- **TASK INPUTS**:
○ ○ ○ ○ ○

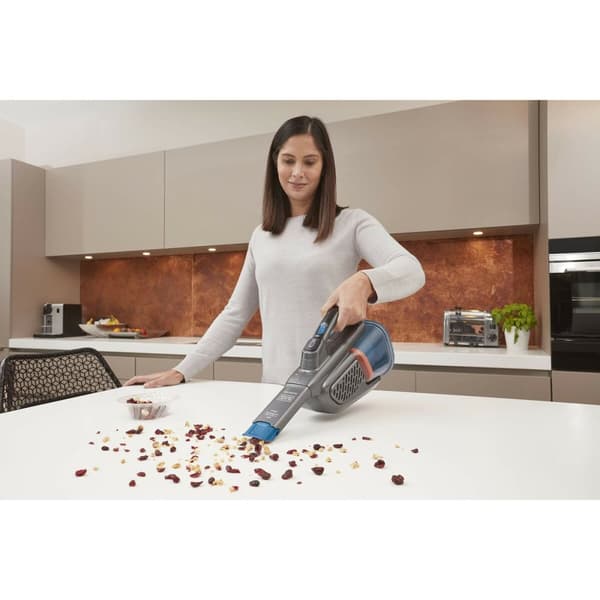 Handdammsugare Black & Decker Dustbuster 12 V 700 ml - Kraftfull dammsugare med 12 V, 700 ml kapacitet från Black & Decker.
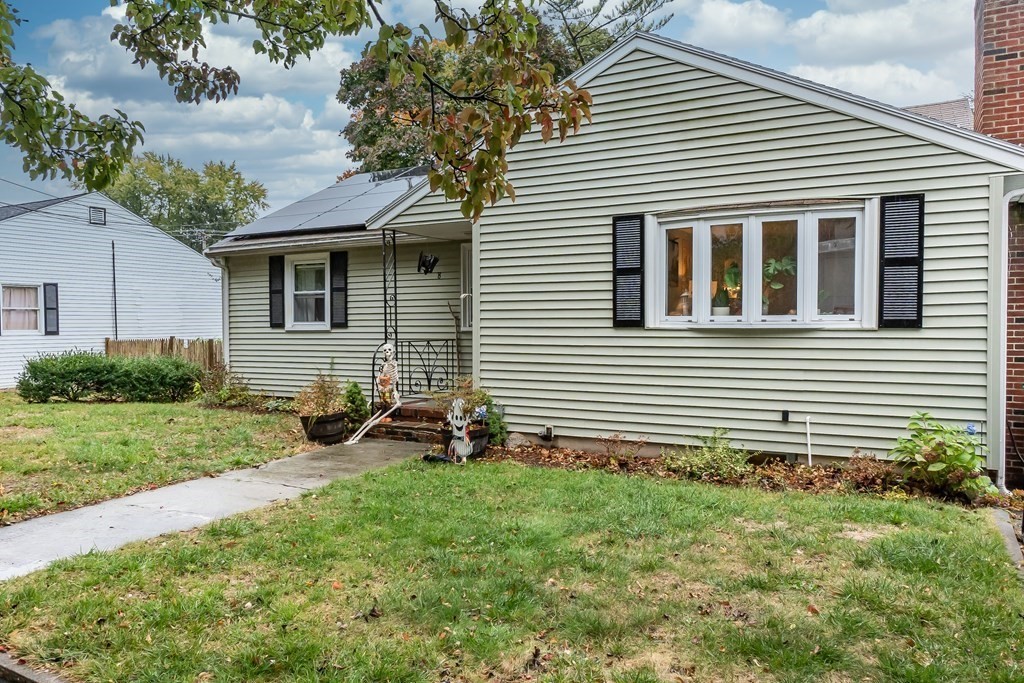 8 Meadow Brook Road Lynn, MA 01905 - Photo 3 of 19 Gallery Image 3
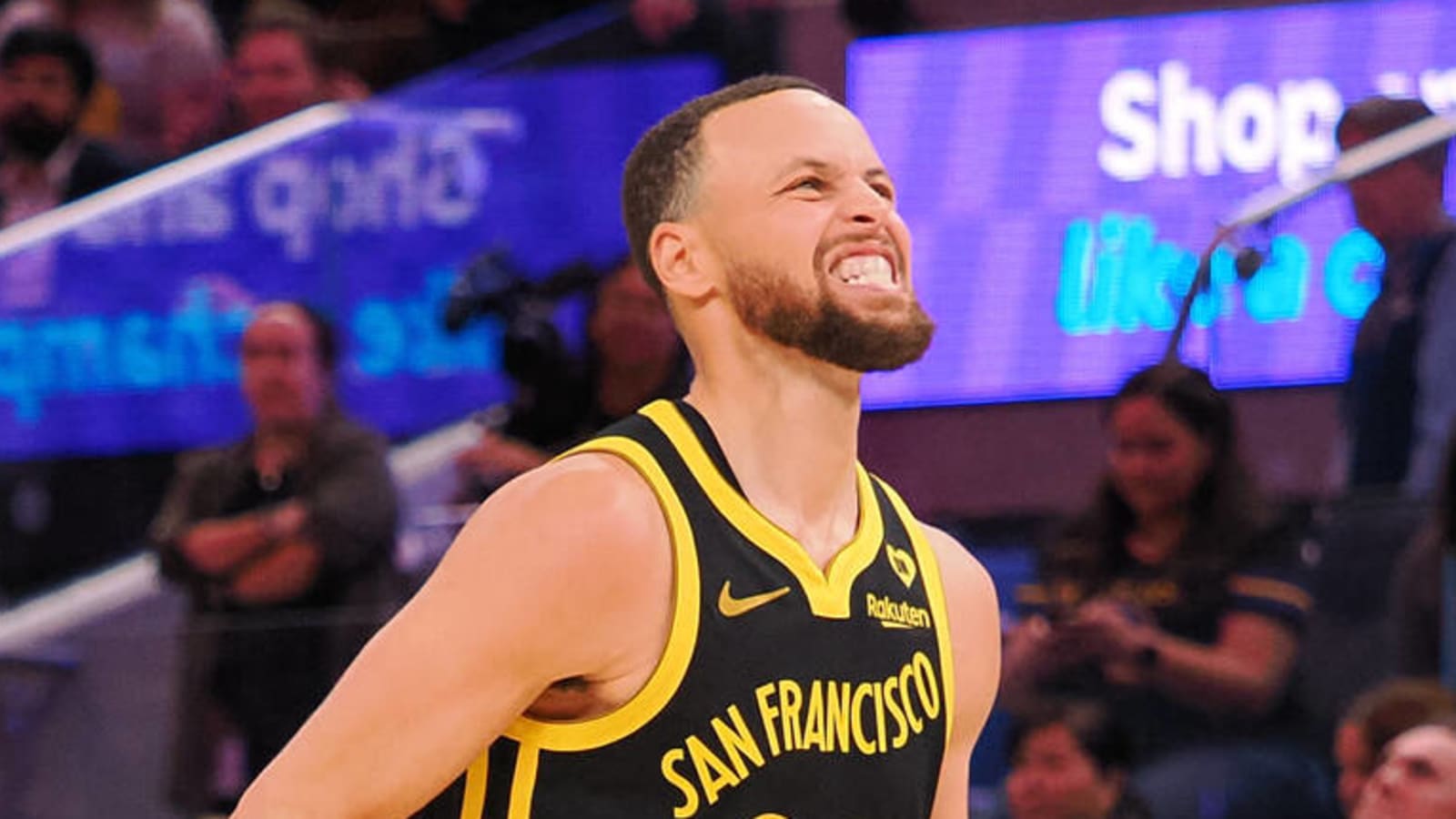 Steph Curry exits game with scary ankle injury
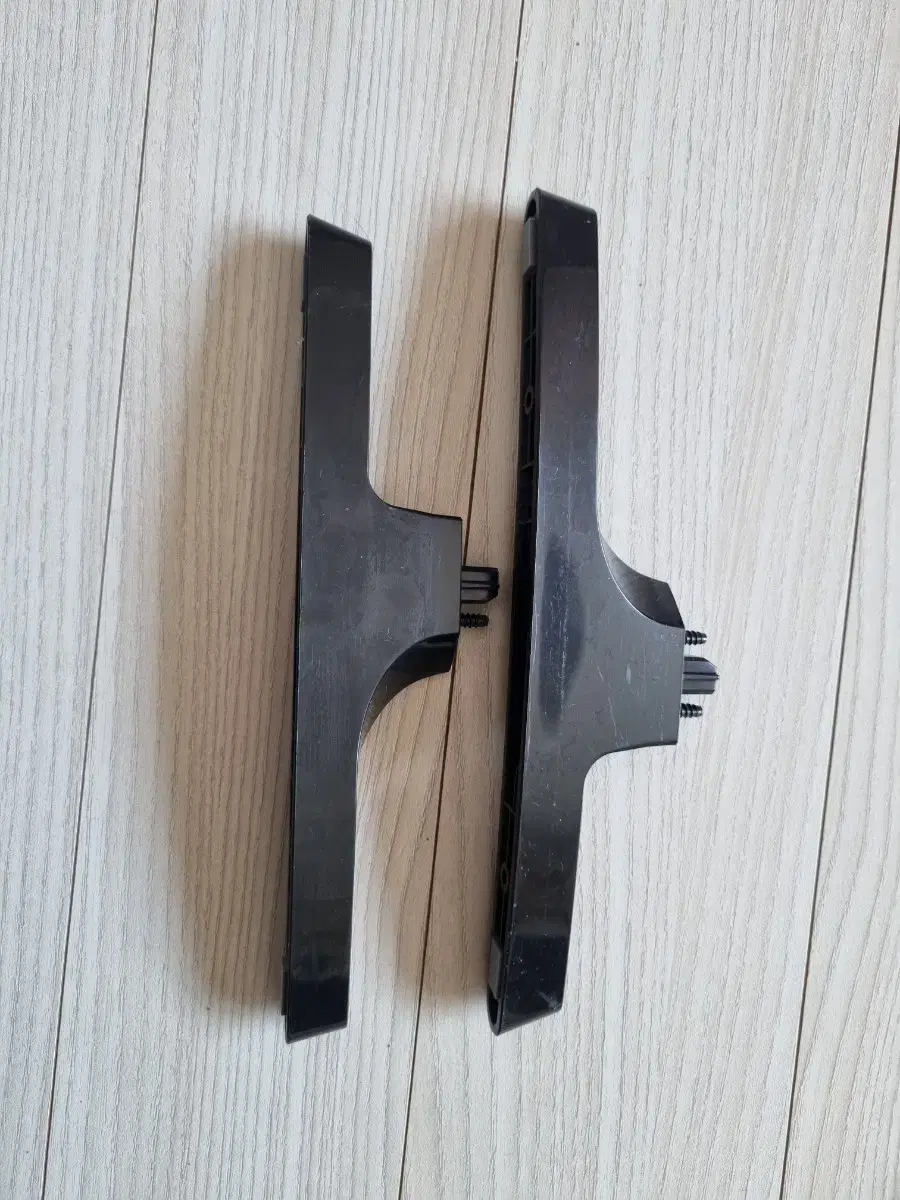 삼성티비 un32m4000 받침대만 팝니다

○ ○ ○ ○ ○

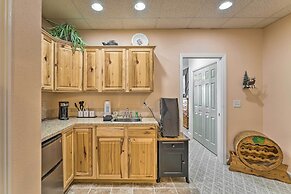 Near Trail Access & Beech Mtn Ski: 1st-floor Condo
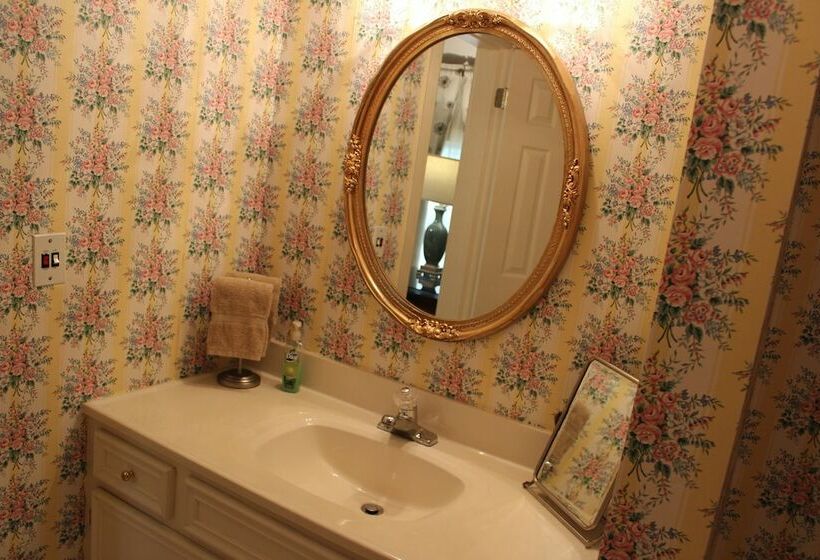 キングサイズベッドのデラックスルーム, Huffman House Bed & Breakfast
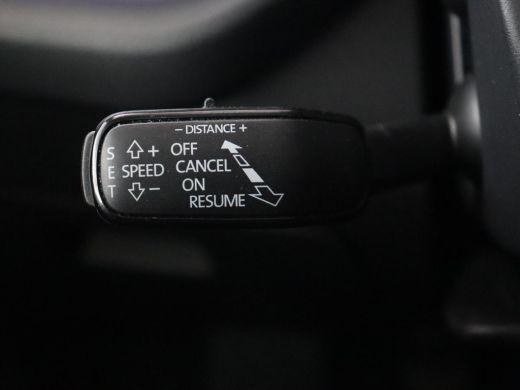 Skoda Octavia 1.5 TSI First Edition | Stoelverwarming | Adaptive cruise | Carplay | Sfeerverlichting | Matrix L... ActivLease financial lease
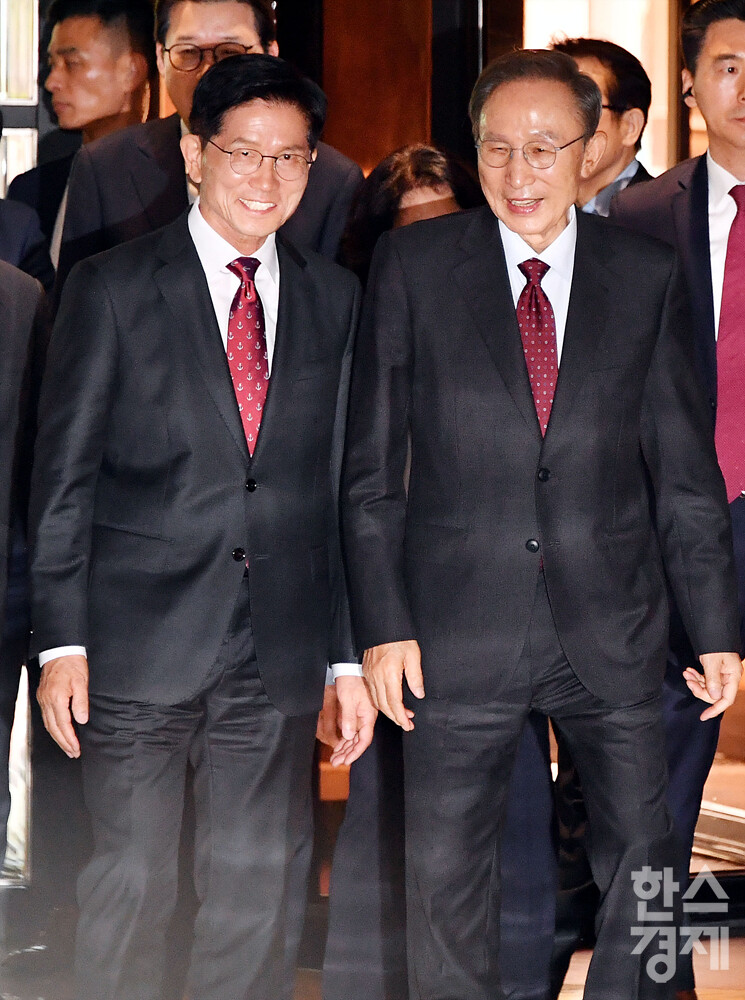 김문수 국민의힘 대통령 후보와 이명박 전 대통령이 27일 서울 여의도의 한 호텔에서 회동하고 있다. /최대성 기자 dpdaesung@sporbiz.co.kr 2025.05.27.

○ ○ ○ ○ ○

- **TO DO**: Using the data above, print only the lines starting at the one with "8 Meadow Brook" and ending at the one with "삼성티비 un32m4000 받침대만 팝니다", exactly as they stand, minus the pictures.

- **OUTPUT OF THE EXERCISE**:
 8 Meadow Brook Road Lynn, MA 01905 - Photo 3 of 19 Gallery Image 3
 Steph Curry exits game with scary ankle injury
 삼성티비 un32m4000 받침대만 팝니다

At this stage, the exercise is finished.